Faroe produced 12-15,000 barrels of oil equivalent per day and was participating in several exploration campaigns before it was “taken out of the market” by DNO.
Mr Stewart said Faroe’s track record had helped his management team attract a “strong shareholder following”, which he expects to result in a fruitful initial public offering for Longboat.
Longboat will be cut from the same cloth as Faroe. It will attempt to build up a portfolio of oil and gas interests on the UK and Norwegian sides of the North Sea.
It intends to target acquisitions of a similar size to those brokered by Faroe, whose name paid tribute to the ancestry of Mr Stewart, whose mother was Faroese.
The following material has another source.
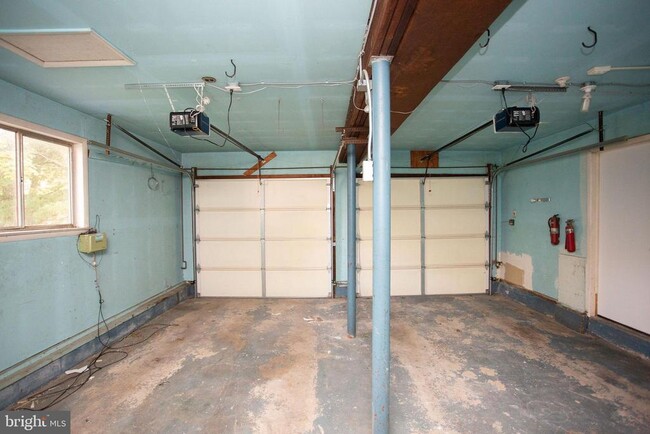Building Photo - 1016 Eagle Ln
And Longboat will be an active explorer in both basins.
Longboat chief executive Helge Hammer views the North Sea as an ideal location for anyone wanting to build up a mid-sized independent exploration and production company.
Few companies of that ilk remain in the aftermath of a wave of large deals and consolidation witnessed in recent years, creating opportunities for Longboat to “exploit”, he said.
Mr Hammer said several newcomers who recently amassed large North Sea asset bases would be looking to “streamline their portfolios”.
He hopes to strike up deals with some of those firms, several of whom are backed by private-equity houses.
He also stressed Longboat wanted to work with “all players” and would have no reservations about doing business with DNO.
Longboat will initially operate out of bases in London and Stavanger.
Mr Stewart said any decision on a Scottish office would be “asset driven”.